## [What you need to do]
With the pictures left aside, write out exactly the lines of the listing below from the line with "THE C-U-R-E ***" to the line with "Erdem Katmer", both included, and only those.

## [Supplied information]
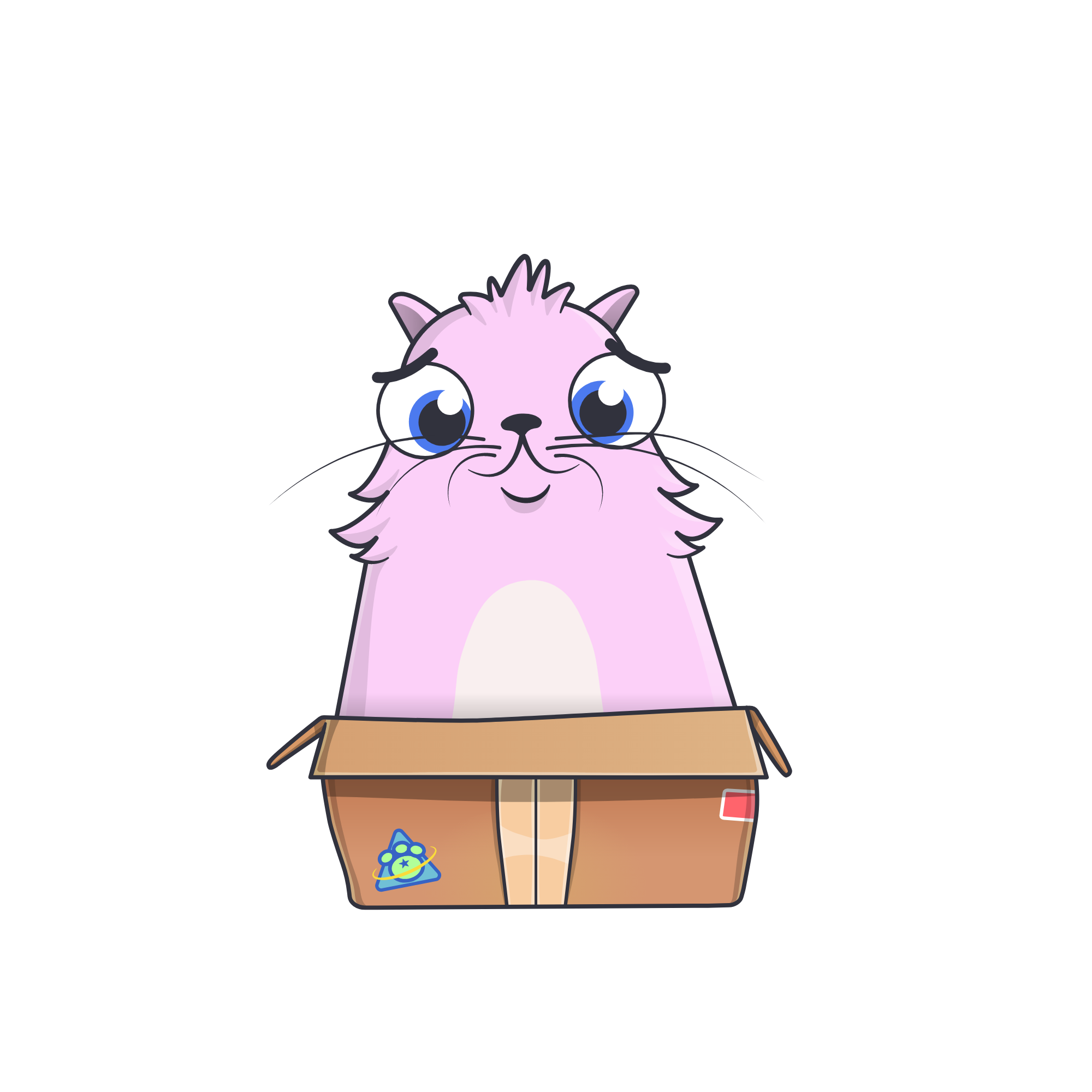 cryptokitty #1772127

==

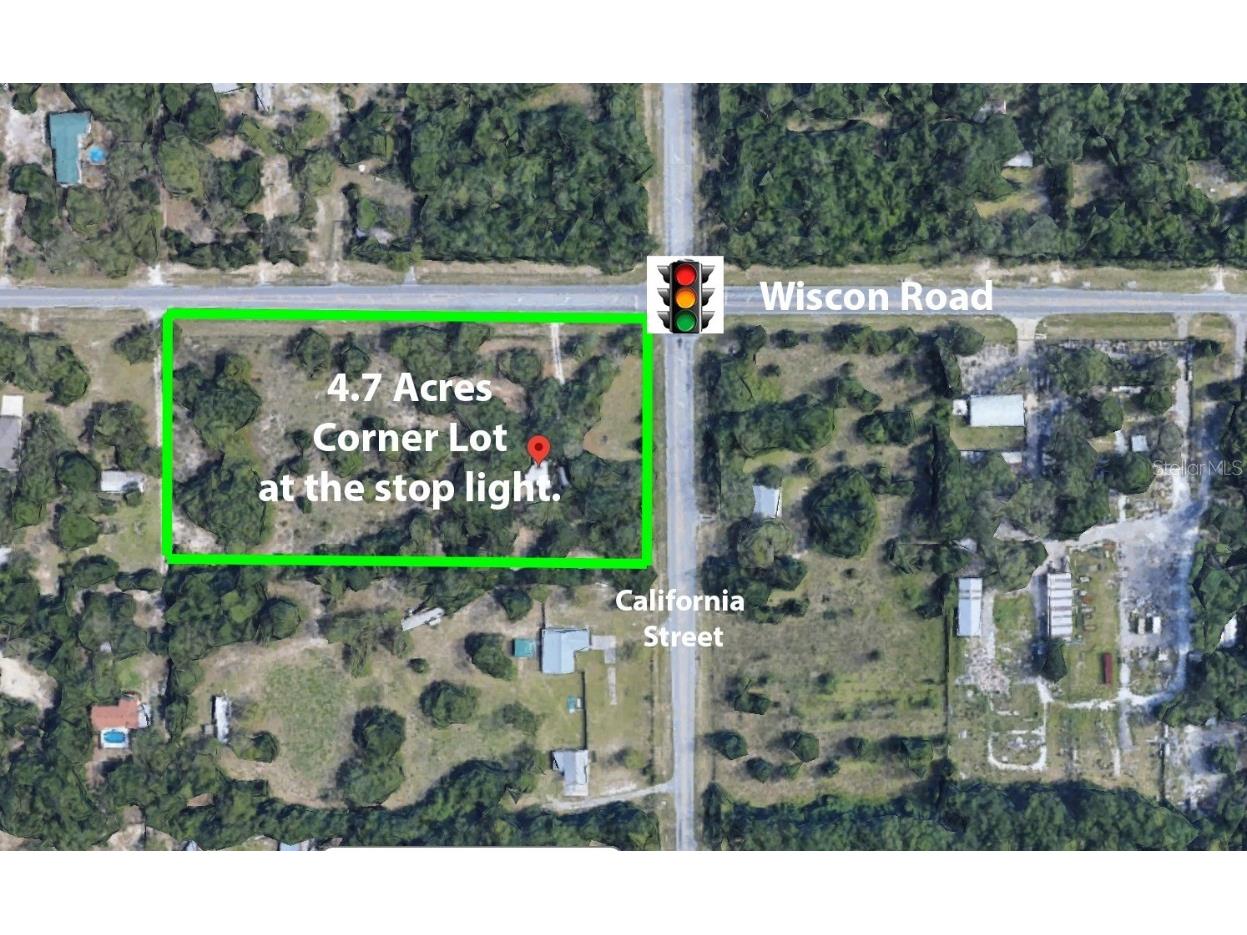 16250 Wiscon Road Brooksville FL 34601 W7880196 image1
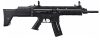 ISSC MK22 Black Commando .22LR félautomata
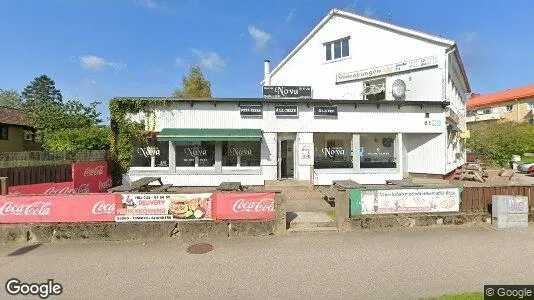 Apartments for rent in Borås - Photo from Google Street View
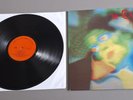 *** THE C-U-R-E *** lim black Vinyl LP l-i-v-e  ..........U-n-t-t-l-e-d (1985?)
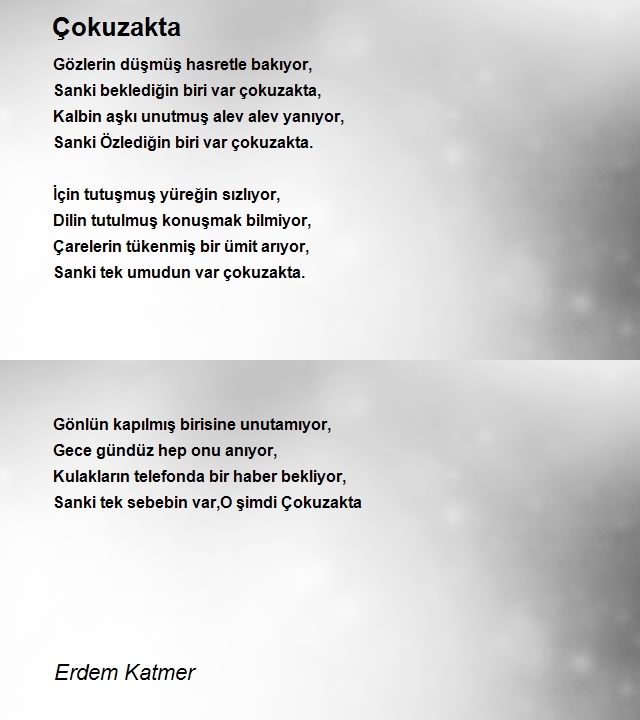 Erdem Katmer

## [Response to the task]
 *** THE C-U-R-E *** lim black Vinyl LP l-i-v-e  ..........U-n-t-t-l-e-d (1985?)
 Erdem Katmer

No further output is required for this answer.